__Task__
Produce word for word the lines of the data below running from the one that has "Pink Moissanite - April_Earrings" to the one that has "2020-UP CHEVROLET CORVETTE", inclusive, and no others.
------ Available data
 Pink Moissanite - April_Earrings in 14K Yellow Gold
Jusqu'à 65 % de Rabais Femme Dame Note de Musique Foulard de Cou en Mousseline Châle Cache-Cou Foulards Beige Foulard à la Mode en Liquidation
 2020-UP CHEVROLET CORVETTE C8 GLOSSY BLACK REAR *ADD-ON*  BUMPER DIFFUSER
------------
------ Available data
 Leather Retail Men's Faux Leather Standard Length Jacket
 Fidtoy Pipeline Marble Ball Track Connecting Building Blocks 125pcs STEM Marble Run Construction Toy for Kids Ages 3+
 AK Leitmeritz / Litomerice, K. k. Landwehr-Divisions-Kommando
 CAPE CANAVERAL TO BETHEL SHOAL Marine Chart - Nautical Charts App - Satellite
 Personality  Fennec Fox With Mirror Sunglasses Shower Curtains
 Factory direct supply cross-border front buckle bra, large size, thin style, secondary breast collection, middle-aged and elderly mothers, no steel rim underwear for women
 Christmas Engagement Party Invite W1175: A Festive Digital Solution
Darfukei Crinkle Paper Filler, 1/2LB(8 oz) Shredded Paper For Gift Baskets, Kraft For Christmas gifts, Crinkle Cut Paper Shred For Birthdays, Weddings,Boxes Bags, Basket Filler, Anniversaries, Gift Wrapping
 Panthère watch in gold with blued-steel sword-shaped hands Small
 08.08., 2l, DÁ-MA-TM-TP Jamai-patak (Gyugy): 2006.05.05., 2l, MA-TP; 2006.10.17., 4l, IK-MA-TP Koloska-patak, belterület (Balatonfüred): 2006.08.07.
------------
------ Available data
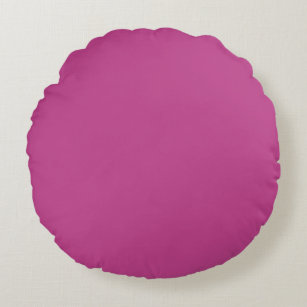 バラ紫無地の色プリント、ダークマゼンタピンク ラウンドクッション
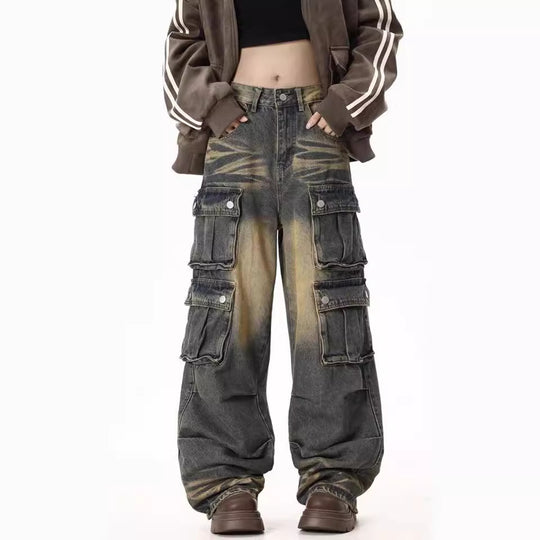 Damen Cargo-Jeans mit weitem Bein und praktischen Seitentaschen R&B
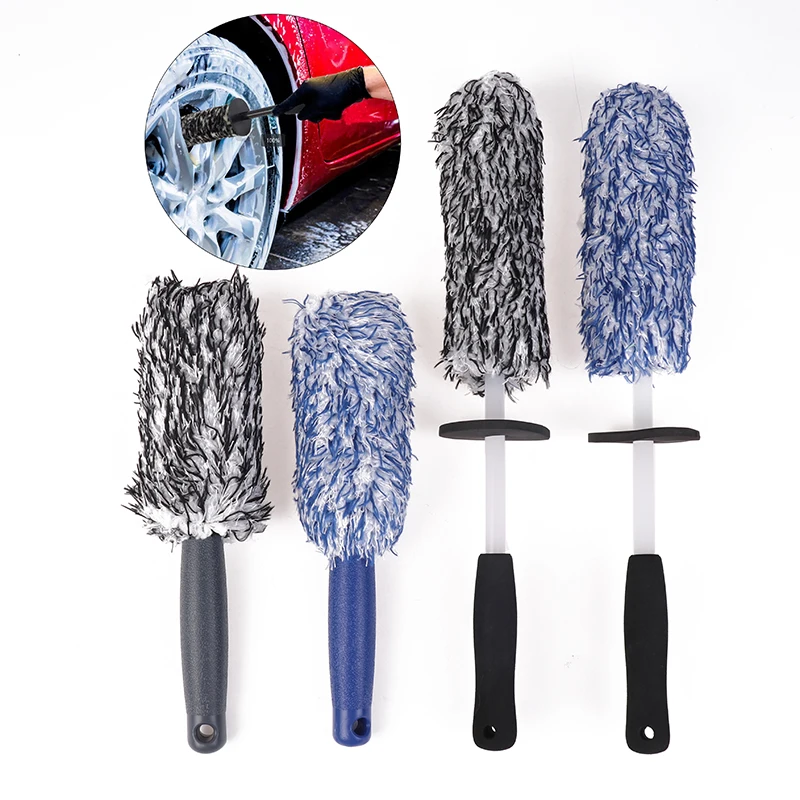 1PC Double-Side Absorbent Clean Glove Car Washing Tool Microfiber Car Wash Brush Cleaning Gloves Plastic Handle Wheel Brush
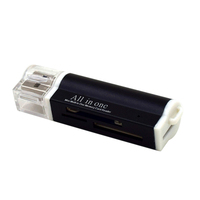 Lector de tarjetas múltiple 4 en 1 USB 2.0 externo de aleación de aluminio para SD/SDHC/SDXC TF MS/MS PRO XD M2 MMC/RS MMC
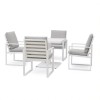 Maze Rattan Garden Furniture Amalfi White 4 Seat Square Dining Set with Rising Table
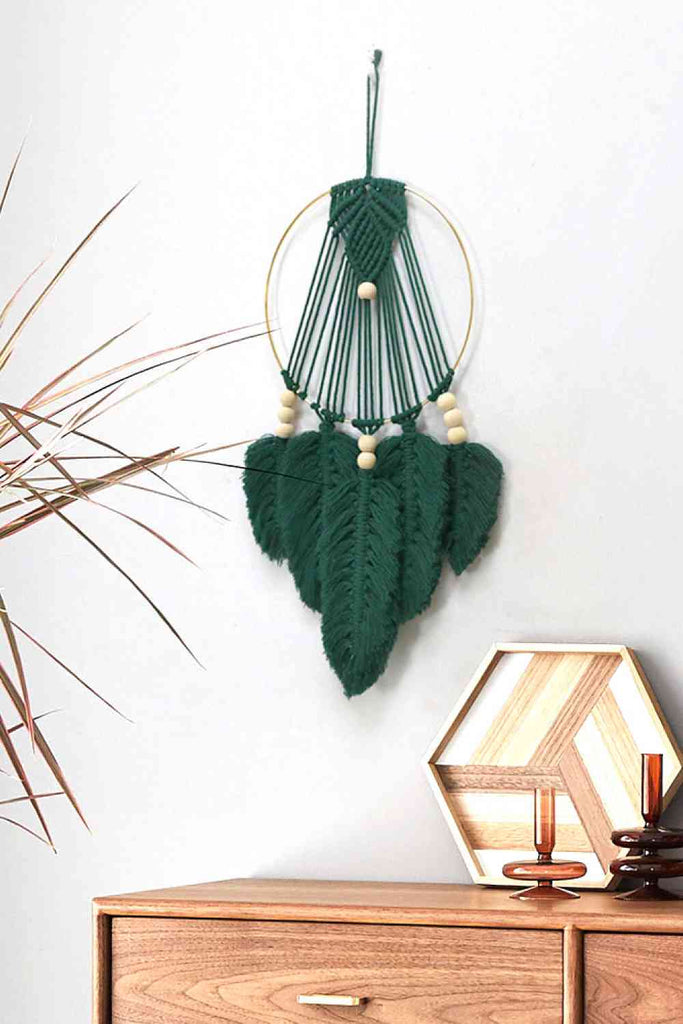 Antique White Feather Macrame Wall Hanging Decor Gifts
------------
__Output for this exercise__
 Pink Moissanite - April_Earrings in 14K Yellow Gold
Jusqu'à 65 % de Rabais Femme Dame Note de Musique Foulard de Cou en Mousseline Châle Cache-Cou Foulards Beige Foulard à la Mode en Liquidation
 2020-UP CHEVROLET CORVETTE C8 GLOSSY BLACK REAR *ADD-ON*  BUMPER DIFFUSER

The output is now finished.